# farmacia strike Valencia Region



## xabiaxica (Jun 23, 2009)

there is almost certainly to be a strike of the farmacias next week in the Valencia Comunidad - Monday to Wednesday

they are trying to put a stop to it though El Consell intenta frenar la huelga de farmacias - Informacion.es

a google transñated version of the same story Google Translate

and an English press report Costa News - Chemist to strike next week


----------



## Stravinsky (Aug 12, 2007)

xabiachica said:


> there is almost certainly to be a strike of the farmacias next week in the Valencia Comunidad - Monday to Wednesday
> 
> they are trying to put a stop to it though El Consell intenta frenar la huelga de farmacias - Informacion.es
> 
> ...


That would tie in with my comments elsewhere then about a neighbour who went to the doctors recently and wasn't given all the meds on his prescription. He was told by the nurse that Valencia had run out of money. The neighbour had to buy his meds from the farmacia


----------



## xabiaxica (Jun 23, 2009)

Stravinsky said:


> That would tie in with my comments elsewhere then about a neighbour who went to the doctors recently and wasn't given all the meds on his prescription. He was told by the nurse that Valencia had run out of money. The neighbour had to buy his meds from the farmacia


I had a chat with Toni who runs our local farmacia yesterday - he is so upset about the strike & doesn't want to, but really has no option - and how is he supposed to pay his staff (one of whom is pregnant) if he doesn't get his payments??

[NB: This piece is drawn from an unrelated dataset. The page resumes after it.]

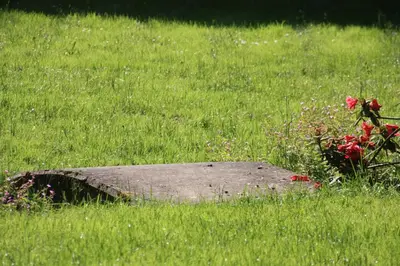 Ein Garten an der Unterkunft Villa Brodthage, App. 2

it seems it's their turn this year - this time last year a lawyer I know who does a lot of 'legal aid' criminal work hadn't been paid by the govt. for over 3 months


----------



## uffington15 (May 4, 2009)

was told today by farmacia in Quesada that they will be closed for the three days. This may also include Tues when they are supposed to be the on call farmacia


----------